Aha. I see. Your original wording made it sound like "I take histories and physicals and solicit answers by myself." Hence my confusion. That does sound like a more worthwhile "clinical experience" than volunteering to push patients around all day.
Ok yeah, we don't pick out exceptions to the rule. In general, most schools will look at shadowing as clinical experience. And if you allow yourself to be just a fly on the wall while you're shadowing, then that's your fault and you need to find a better situation. Interacting with patients at a doc's office or a clinic is pretty easy and doesn't require H/P taking or vitals to be "experience"; being in the OR watching pediatric neurosurgery (like me) is pretty damn good experience too. Find the right shadowing experience and you'll be fine. I'd rather do that then be the welcome desk volunteer at a hospital or stuck putting together charts as an ER volunteer...what's better experience? If shadowing is all you got, it's fine. If you can do more, great. Have a good day![]()
Wow. I didn't realize that being a medical student was a prerequisite for applying to medical school.
In the litigious environment that we live in these days, who is going to let a volunteer take vitals and help with procedures? Sheesh. Why isn't shadowing good enough? You don't know enough yet not to screw something up.
Does anybody have a good site/resource that outlines what a successful physician scribe program looks like? I know the E-R director and the business director of our small (rural) county hospital and want to pursuade them to start a program up for our university town pre-med students.

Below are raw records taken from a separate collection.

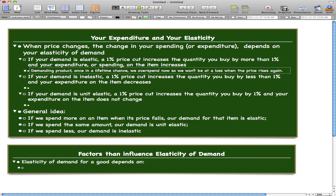That's the idea behind the first point — when there's a price cut for an elastic item, we want to buy more and overspend now so we won't lose out when the price rises again.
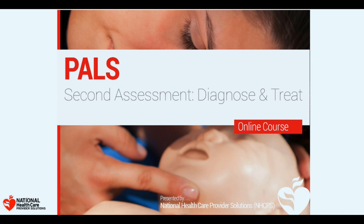This lesson moves on to a more thorough survey after the brief ABCDE. In the second assessment, you will focus on the history and physical examination involving the patient, his or her family, and any witnesses.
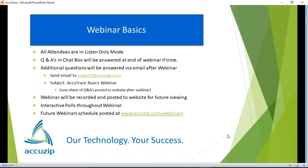There are interactive polls throughout the webinar — this particular webinar has three polling questions, and I encourage you to participate. It helps the presenter gauge the audience and tailor the presentation to your needs. All future webinars in this continuing series will be posted; the schedule is at accuzip.com/webinars.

Yes. Clarification: the physician asks the questions for the history, gives me the physical exam, and I write it down. For ROS questions I generally do them on my own. By medical care, I mean putting an IV in, procedures obviously, giving meds, etc. Strictly speaking, my job is "clerical". It's a great experience though, you get to see the medical decision making and a lot of cool cases.
I know shadowing isnt really considered "clinical experience", but is medical scribing considered clinical experience? And if so, is it considered great clinical experience?
Thanks!
Huh? As a great SDN poster (thanks LizzyM) once wrote: If you're close enough to smell patients, it's clinical experience. Being an ER scribe is clinical experience...probably better than shadowing, but shadowing is definitely clinical experience.

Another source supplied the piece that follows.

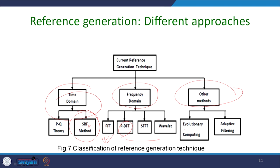There are also evolutionary computing methods — ANN, GA, and other methods — and adaptive filtering methods such as the Kalman filter and adaptive Kalman filter method. For sake of time we shall discuss PQ theory, and since evolutionary computing techniques are gaining huge attention nowadays, we will discuss one theory on the ANN-based reference generation technique.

This post is from 3 years ago.In my journy as a Pre-Med, I have always visualized clinical experiences to be exactly what they sound like...experiences in the clinical setting. I don't know if anyone else would agree but as a first gen college student, my clinical experiences have gotten increasingly more involved over the years.
When I first started out, my time volunteering in hospitals was exposing me to the clinical setting - maybe not throwing me right into the fire..but for me, it was a great clinical experience at the time. That experience gave me confidence to interact with patients. I needed that experience to build on. I would consider my time shadowing physicians as another piece of clinical exposure THAT I NEEDED. As a result of these clinical experiences, I became comfortable forming relationships with physicians (which was hard and intimidating for me in my early years). I have now evolved my clinical experience aspect of my application into Scribing in the ED. I work closely with many providers and am learning things that some 2nd and 3rd year medical students are learning and practicing.
I really believe that your experiences cannot be placed into singular categories. As long as you can make personal connections with your experiences and go beyond just making a list to fit specific categories, you'll be okay. Don't overthink things.